**Directions for this task:** Everything in the entries below except the pictures must be returned exactly.

**Available records:**
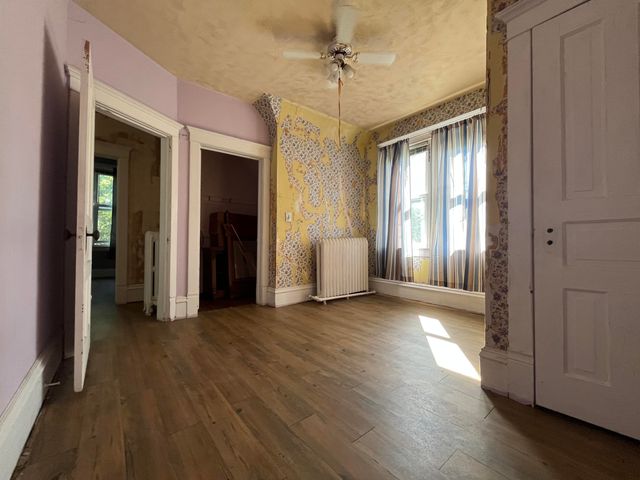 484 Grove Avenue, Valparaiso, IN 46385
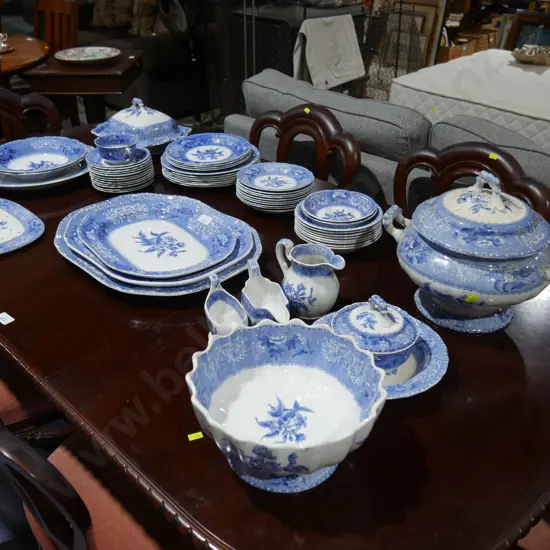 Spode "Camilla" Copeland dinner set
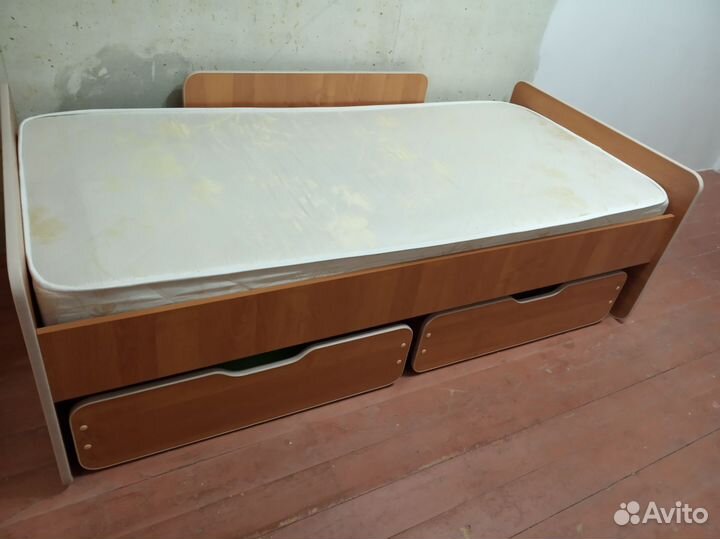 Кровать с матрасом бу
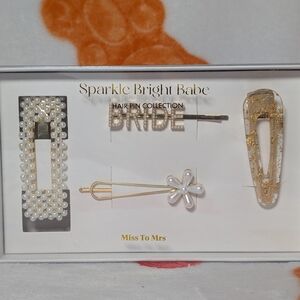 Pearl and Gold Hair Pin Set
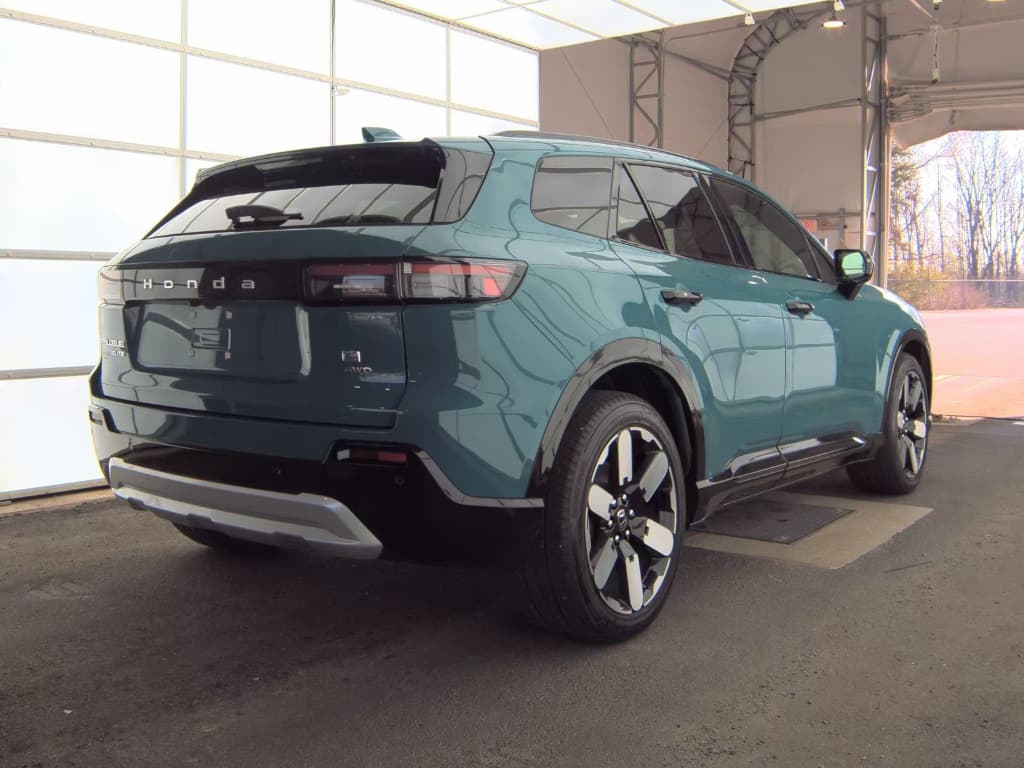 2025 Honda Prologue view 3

**Written response:**
 484 Grove Avenue, Valparaiso, IN 46385
 Spode "Camilla" Copeland dinner set
 Кровать с матрасом бу
 Pearl and Gold Hair Pin Set
 2025 Honda Prologue view 3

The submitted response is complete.